In what could be a promising sign for the Denver Broncos, January 31st marks the beginning of the Chinese New Year- with this weekend kicking off the year of the horse. According to the Chinese Zodiac, people born in the year of the Horse are characterized as outgoing, energetic and thrive when they're the center of attention.
These traits were probably what disgraced former Communist party official Bo Xilai was looking for in policewomen in the tourist hub of Dailan when he announced the formation of an all-female mounted patrol. During Xilai's meteoric rise to Chinese Communist Party Central Committee heir apparent, the all female horseback patrols were started with retired racehorses donated from Hong Kong in the early 2000s. The idea was to have the patrols become a source of civic pride and tourist attractions in their own right [apparently they even have their own reviews (in Mandarin) on Tripadvisor- NANESB!] but have come under scrutiny lately. The policewomen also give tours of the training grounds and equestrian performances during the warmer months, charging tourists ¥50 (or around US$ 8) for admission. However, under Chinese law, police officers aren't allowed to engage in business activities putting the policewomen at odds with some of the law's they're tasked with enforcing.

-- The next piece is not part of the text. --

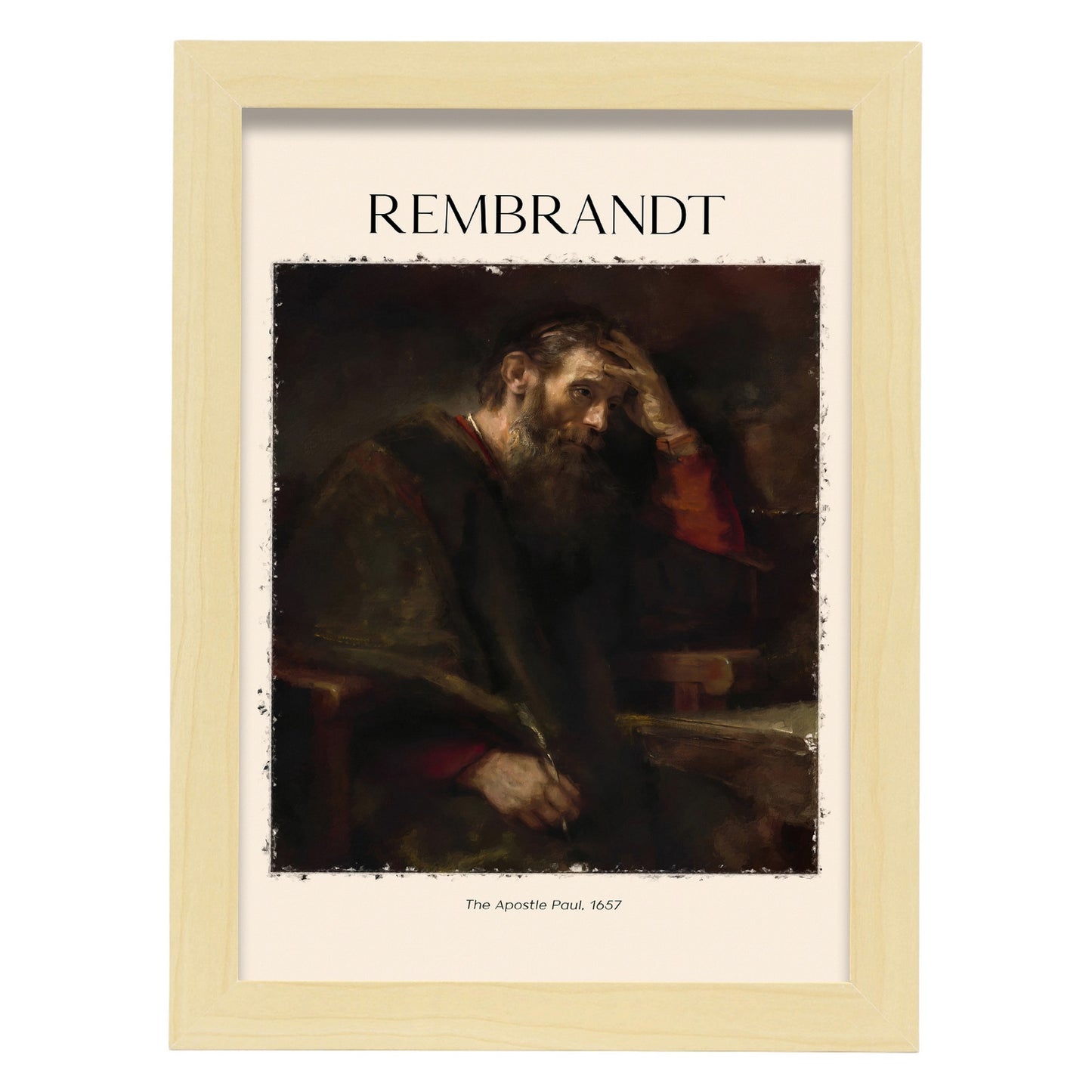 Lámina decorativa TEAPOSTLEPAUL inspirada en Rembrandt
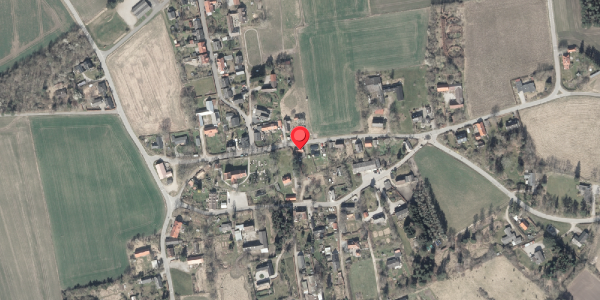 Oversvømmelsesrisiko fra vandløb på Hyllested Bygade 12, . , 8400 Ebeltoft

Then again, attractive women riding horseback on public dime was the least of Xilai's problems. The former mayor and governor was accused of keeping fellow officials under electronic surveillance, his own chief of police accused him of corruption and Bo's wife was implicated in the 2011 murder of a British businessman. In September 2013, Bo was sentenced to life in prison and stripped of all his assets.
As for the women on horseback, a retired traffic policeman in Dailan filed a request regarding the cost of maintaining the horses and the overall effectiveness of the unit. According to the released report, the monthly cost of feed and supplies is about ¥2500 (around $405) while the monthly salary of the policewoman ranges from ¥1800 to ¥3800.
According to Dailan's current mayor, there's been public criticism of the policewomen on horseback but said it's 'too soon to talk about cancelling it' and while admitting some of the criticism is valid, the program shouldn't be cancelled on a whim. Over the last decade, a number of other cities in China- such as Shenzhen or Baotou- have also followed Dailan's lead.